_What you have to do_: Each entry below should appear again exactly as written, without pictures.

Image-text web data
╭──

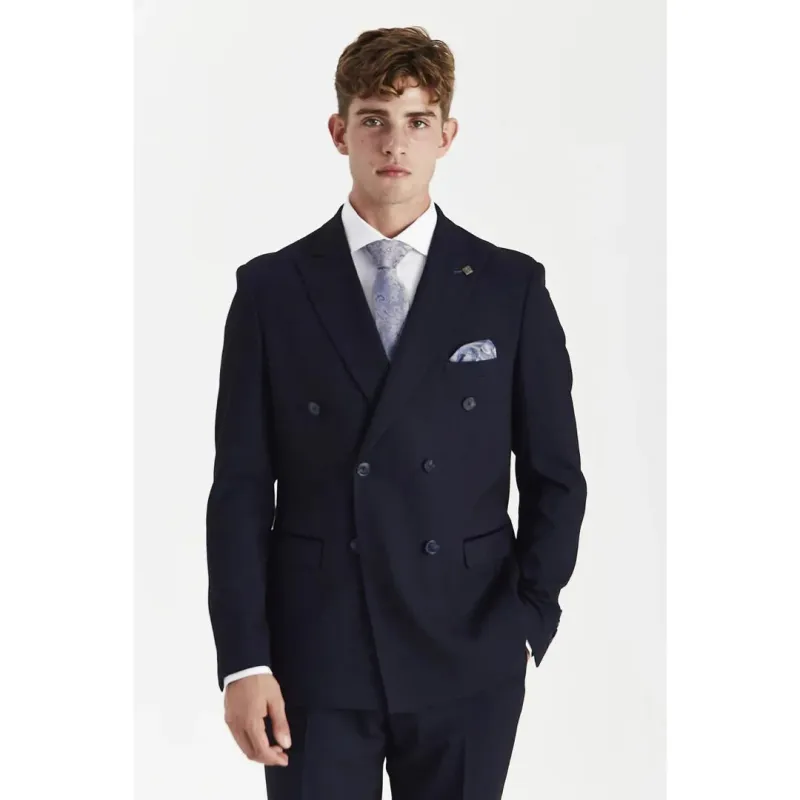 Regent - Men's Navy Checked Double Breasted Blazer sold by Tru Clothing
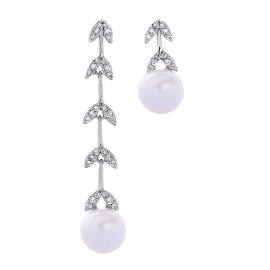 Asymmetrical leaf pearl pendant earrings women european and american style fashion temperament earrings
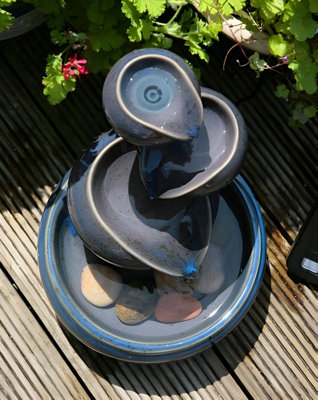 Primrose Cosmos Blue Three-Tier Oil Jar Solar Powered Ceramic Indoor Outdoor  Water Feature H25cm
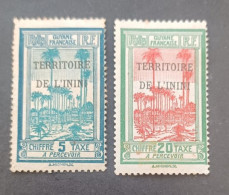 FRANCE COLONIE GUYANE TERRITOIRE DE L ININI 1932 TAXE TIMBRES DE GUYANE OVERPRINT ININI CAT YVERT N 1-3 MNHL MNG - Ungebraucht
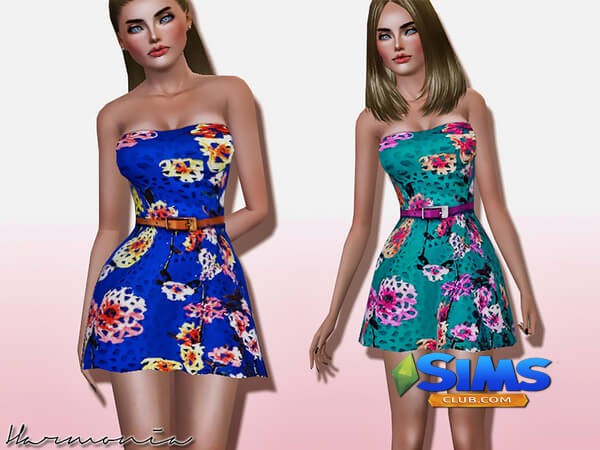 Платье Floral Print Skater Strapless Dress для Симс 3 | Скриншот 3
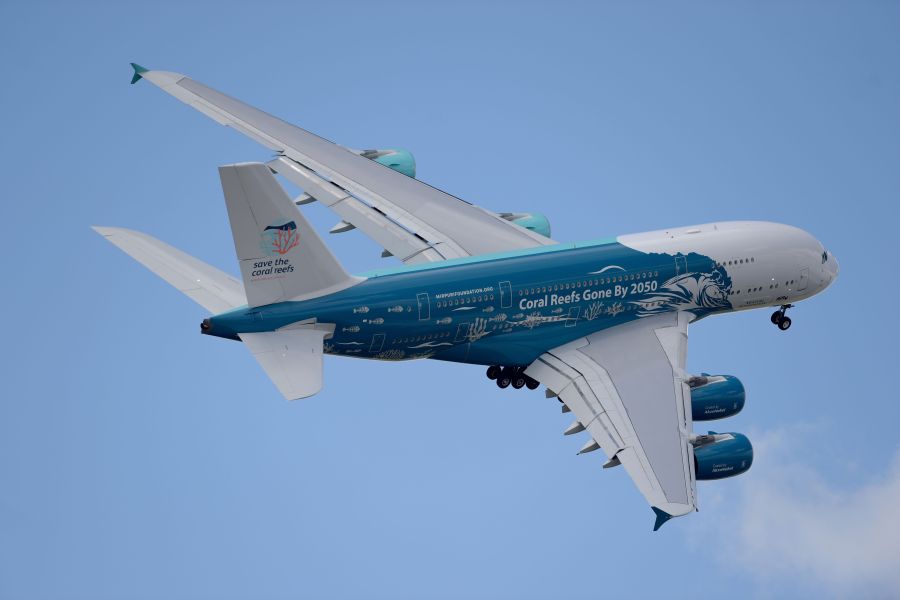 An Airbus A380 performs its flying display on the first public day of the International Paris Air Show on June 21 , 2019 at Le Bourget Airport. (Credit: ERIC PIERMONT/AFP/Getty Images)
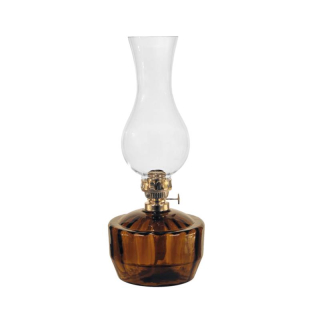Petrolejová lampa mosadz/hnedá výška: 33cm
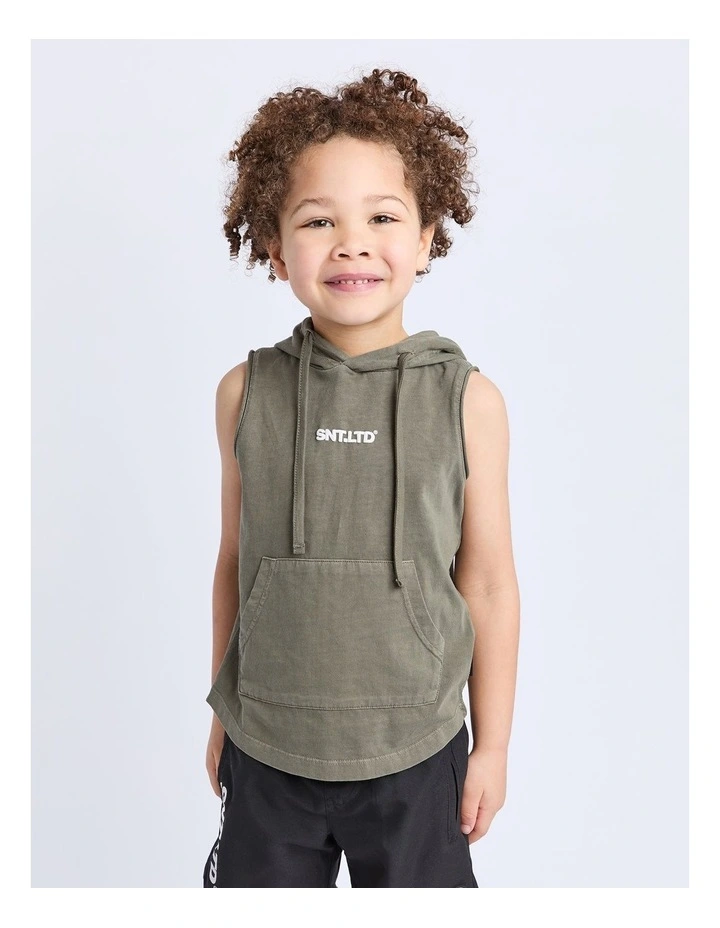 Podium Hooded Muscle (3-7 Years) in Khaki image 1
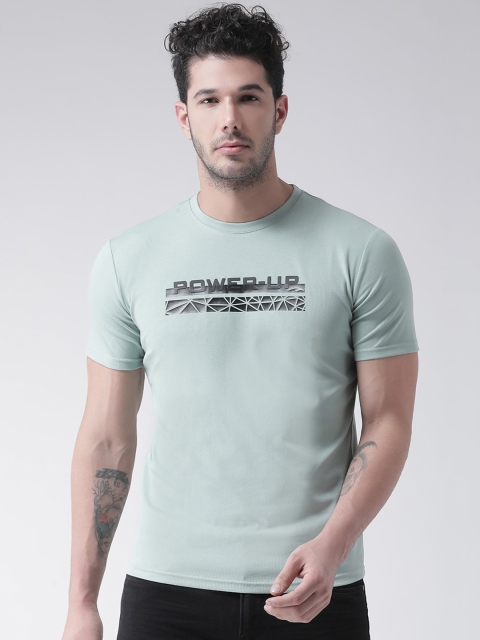 

Rex Straut Jeans Men Blue Printed Round Neck T-shirt
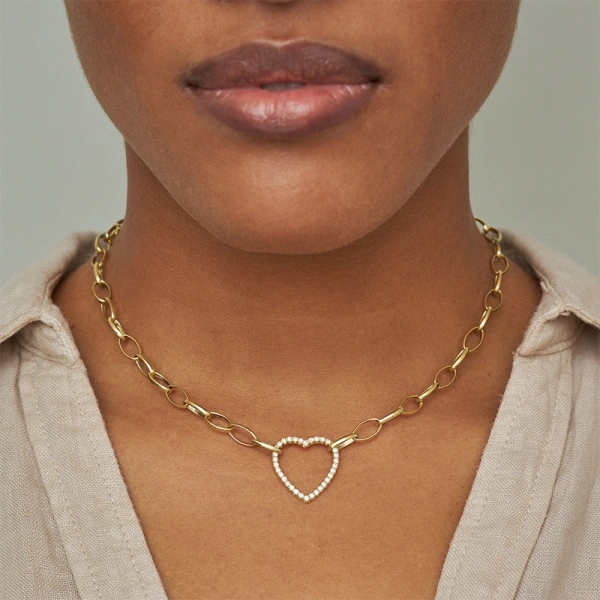 Jennifer Meyer Medium Edith Link Necklace with Diamond Open Heart Accent in 18K Yellow Gold | Fine Necklaces | Coveti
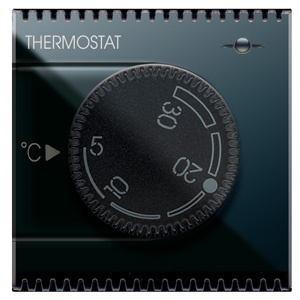 Drehknopf-THERMOSTAT. Schwarz glänzend.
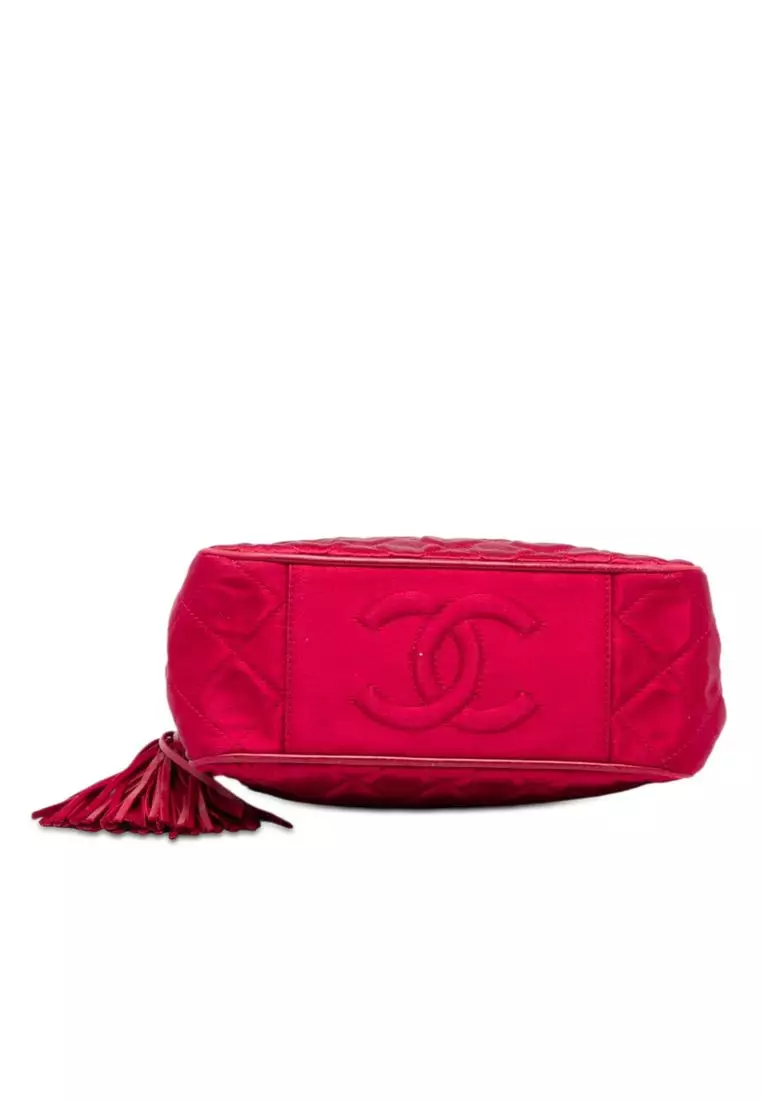 Pre-Loved Chanel Cc Quilted Satin Tassel Chain Shoulder Bag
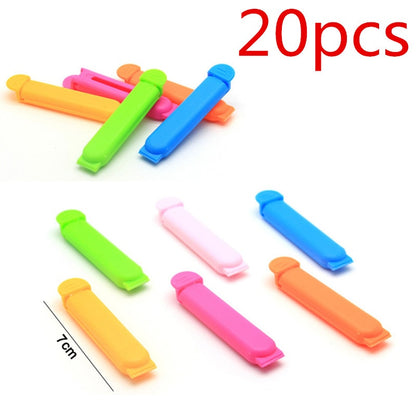 20/10Pcs Portable New Kitchen Storage Food Snack Seal Sealing Bag Clips Sealer Clamp Plastic Tool Kitchen Accessories Wholesale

╰──

_Your solution_:
 Regent - Men's Navy Checked Double Breasted Blazer sold by Tru Clothing
 Asymmetrical leaf pearl pendant earrings women european and american style fashion temperament earrings
 Primrose Cosmos Blue Three-Tier Oil Jar Solar Powered Ceramic Indoor Outdoor  Water Feature H25cm
 FRANCE COLONIE GUYANE TERRITOIRE DE L ININI 1932 TAXE TIMBRES DE GUYANE OVERPRINT ININI CAT YVERT N 1-3 MNHL MNG - Ungebraucht
 Платье Floral Print Skater Strapless Dress для Симс 3 | Скриншот 3
 An Airbus A380 performs its flying display on the first public day of the International Paris Air Show on June 21 , 2019 at Le Bourget Airport. (Credit: ERIC PIERMONT/AFP/Getty Images)
Petrolejová lampa mosadz/hnedá výška: 33cm
 Podium Hooded Muscle (3-7 Years) in Khaki image 1

Rex Straut Jeans Men Blue Printed Round Neck T-shirt
 Jennifer Meyer Medium Edith Link Necklace with Diamond Open Heart Accent in 18K Yellow Gold | Fine Necklaces | Coveti
 Drehknopf-THERMOSTAT. Schwarz glänzend.
 Pre-Loved Chanel Cc Quilted Satin Tassel Chain Shoulder Bag
 20/10Pcs Portable New Kitchen Storage Food Snack Seal Sealing Bag Clips Sealer Clamp Plastic Tool Kitchen Accessories Wholesale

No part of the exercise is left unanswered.